宮司さんは若い頃に伊勢神宮の忌火屋殿で奉職していた方で、三回も式年遷宮を経験しておられる稀有なお方。
火起こしは伊勢神宮方式の舞錐式発火法で、発火具も同じ物を使用している。
火きり臼は厚み2㎝ほどの檜製・・・和光大学の岩城教授の研究によると発火効率は厚み1㎝くらいが最適とされているが、神事なので発火効率は問題にされていないようだ。
火きり杵の先端は、カートリッジ式の山枇杷製。
火種を育てるおが屑は、匂いと煙くない事と着火効率がいいので、知人の大工さんから檜のおが屑を分けてもらうのだそう。
ゆっくり舞錐を上下させ、約1~2分ほどで火種を作り、おが屑の中に半分くらい埋もれさせた状態で火吹き竹で火種を育てる。
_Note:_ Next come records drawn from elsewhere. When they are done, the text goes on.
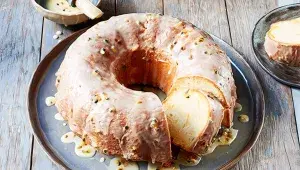 Bábovka s ananasem a mučenkou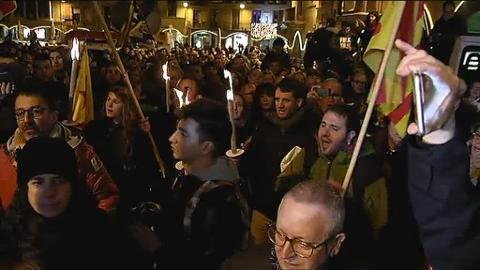 Vídeo: Concentración para protestar por la detención del concejal de la CUP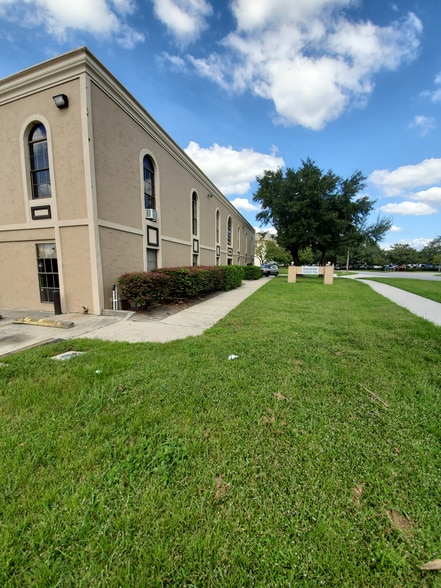 1225 Bennett Dr, Longwood, FL for lease - Building Photo - Image 2 of 11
次いで杉っ葉に点火して松明状に燃え盛った状態で境内のどんど焼きに着火という手順。
真っ赤に立ち上がるどんど焼きの炎は、雪国に春が近いと知らせる来訪紳。旧年中の達磨や注連縄、お札を焼いた後は、割った鏡餅を焼き、青竹で熱燗を付けて振る舞いになる。
雪国の人が過酷な生活に耐えられるのは、いつか春が来ると知っているから。
先祖代々、そうやって冬を耐え、春を待ち続けてきた。
雪に埋もれたぬなかわヒスイ工房
今日の糸魚川は晴れて、沖には能登半島も見える・・・春は近い。
糸魚川出身の相馬御風の作詞の童謡「春よ来い」の風景は、春を待ち望む糸魚川人の原風景と言える。
私のその話を聞いた富山の友人達が、2年前の12月に発生した糸魚川大火を支援するイベントで復興ソングに使ってくれた。
除雪の一服で食う蜜柑ほど美味いもんはなく、私はわざわざ雪の上に置いて冷やしておく。火照った体に甘酸っぱい果汁が浸み込んでく至福の時。暖かい蜜柑産地の人は思いもよらないだろう。お供え餅の一番上に鎮座まします黄色い蜜柑も、赤い火の神の象徴だ。
越後人にとって、モノクロの冬景色に映えるどんど焼きと蜜柑は春の予感。
天気も気持ちもハレバレするから春なのだな、としみじみ思う。
春を呼ぶ「けんか祭り」まで、あと三ヶ月!
その先駆けができる寺町区と押上区の男たちは果報者だ。